An ailing man who returned home in far western Nepal after falling ill in India's Pune city has been thrown out of his village due to mistaken fears that he had contracted swine flu and could infect others.
Thakur Prasad Chaudhari, who was working as a labourer in India's Maharasthra state, had returned home Saturday to his village Janakinagar in remote Kailali district.
Chaudhari, in his 20s, who belongs to the underprivileged Tharu community once treated as bonded slaves, had been diagnosed by a Pune hospital two weeks ago as suffering from anaemia and advised rest, a media report said.
But the people in his village, who had learnt through television about the outbreak of Influenza A (H1N1) in Pune, where the death toll has gone up to 25, refused to believe Chaudhary and accused him of having contracted swine flu, the Naya Patrika daily reported Wednesday.
"He showed them the doctor's prescriptions and even the medicines he was taking but no one paid any heed," Chaudhary's wife Sita told the daily.
After being persecuted by the villagers, Chaudhary has now been forced to take shelter in Nepalgunj town in Banke district, the daily added.
Not satisfied with throwing Chaudhary out, the villagers, wrongly fearing that his family could have been affected and could pass on the infection to others, are now ostracising his wife and children.
"They have stopped us from entering the village," the harassed wife said. "When people pass our house, they call out, this is the house of the family that has swine flu and cover their nose so that they don't breathe in any virus.
"We are not allowed to work in the village or even buy food or other essential stuff.
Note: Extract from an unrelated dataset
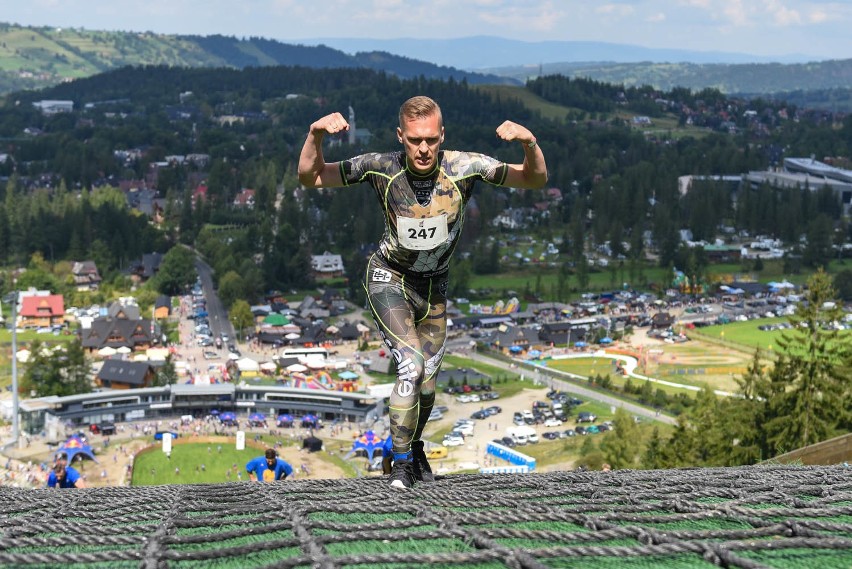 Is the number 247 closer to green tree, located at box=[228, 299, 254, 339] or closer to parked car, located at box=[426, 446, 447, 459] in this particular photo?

How can poor people like us survive?"
Chaudhary's plight is similar to the ostracisation people faced when Nepal reported the first outbreak of AIDS.
Despite awareness campaigns by the government and NGOs, in remote villages especially, where literacy is low, people suffering from AIDS, tuberculosis and leprosy are still ostracised by their neighbours.
Health workers refuse to treat them while their children are refused admission in schools.
Kailali, located on the India-Nepal border, is one of the poorest districts in the country. Every day, hundreds of villagers cross the border to go to India in search of work.
The outbreak of swine flu in India, where 67 people have died so far and over 2,000 diagnosed with the disease, has triggered an exodus of panic-stricken Nepali workers who have been returning home in droves.
So far, Nepal has reported only 28 cases of swine flu and all the patients have recovered.